Peter and Chris are playing a game. At the beginning, each of them has some balls, where each ball is red, blue, or green. There is also a ball pool which contains more than enough balls of each colour for Peter and Chris to draw.
Peter and Chris take turns to move, and Peter moves first. After each turn, if Peter has exactly one ball and Chris has none, the game will end immediately.
Each move consists of the following steps:
- If the player has less than two balls, he draws red balls from the pool until he has two.
The player chooses two of his balls and throws them into the pool. - If the two chosen balls are of the same colour, the opponent player gets from the pool one ball of the same colour. Otherwise the opponent player gets from the pool one ball of colour different from the colours of both chosen balls.
For example, if Peter chooses two red balls, Chris will get a red ball from the pool. If Peter chooses a red ball and a blue ball instead, Chris will get a green ball from the pool.
Determine the colour of Peter's final ball, given $R_1, G_1, B_1, R_2, G_2, B_2$.
$R_1, G_1, B_1$ represent the number of red, green and blue balls, respectively, that Peter has at the beginning of the game. $R_2, G_2, B_2$ represent the number of red, green and blue balls, respectively, that Chris has at the beginning of the game.
The answer claims that if $$(G_1 + B_2 - B_1 - G_2) \equiv 0 (\mod 3)$$, then the final ball is in red, if the same expression $\equiv 1 (\mod 3)$ then the final ball is green.

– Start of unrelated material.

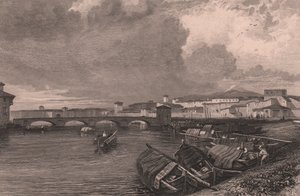 Vy över floden Arno i Pisa, Toscana, Italien, stålstick av Thomas Higham (1796-1844) efter teckning av James Duffield Harding (1798-1863) av James Duffield Harding
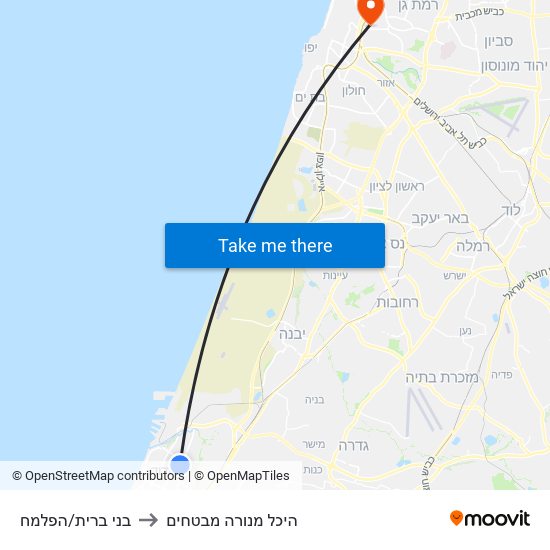 בני ברית/הפלמח to היכל מנורה מבטחים map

Otherwise, it will be in blue.
I cannot wrap my head around it for a while, can anyone explain this to me please? Thanks in advance.
Let $g_1(n)$ be the number of green balls that Peter has after $n$ moves have been played, $g_2(n)$ the number of green balls that Chris has after $n$ moves have been played, $b_1(n)$ the number of blue balls that Peter has after $n$ moves have been played, and $b_2(n)$ the number of blue balls that Chris has after $n$ moves have been played. By examining the six possibilities you can show that
$$g_1(n+1)+b_2(n+1)-b_1(n+1)-g_2(n+1)\\ =g_1(n)+b_2(n)-b_1(n)-g_2(n)\tag{1}$$
no matter what move is made. For example, suppose that $n$ is even, so that it is Peter’s turn to move, and Peter chooses a blue and a red ball. Chris gets a green ball, so
$$b_1(n+1)=b_1(n)-1$$
and
$$g_2(n+1)=g_2(n)+1\,,$$
and $(1)$ holds. This implies that
$$g_1(n)+b_2(n)-b_1(n)-g_2(n)\\ =g_1(0)+b_2(0)-b_1(0)-g_2(0)\tag{2}$$
Say that the game ends after $m$ moves. At that point Chris has no balls, so $b_2(m)=g_2(m)=0$, and $(2)$ tells us that
$$g_1(m)-b_1(m)=g_1(0)+b_2(0)-b_1(0)-g_2(0)\,.$$
If you now use the fact that Peter has exactly one ball at this point, you should be able to finish the argument from here.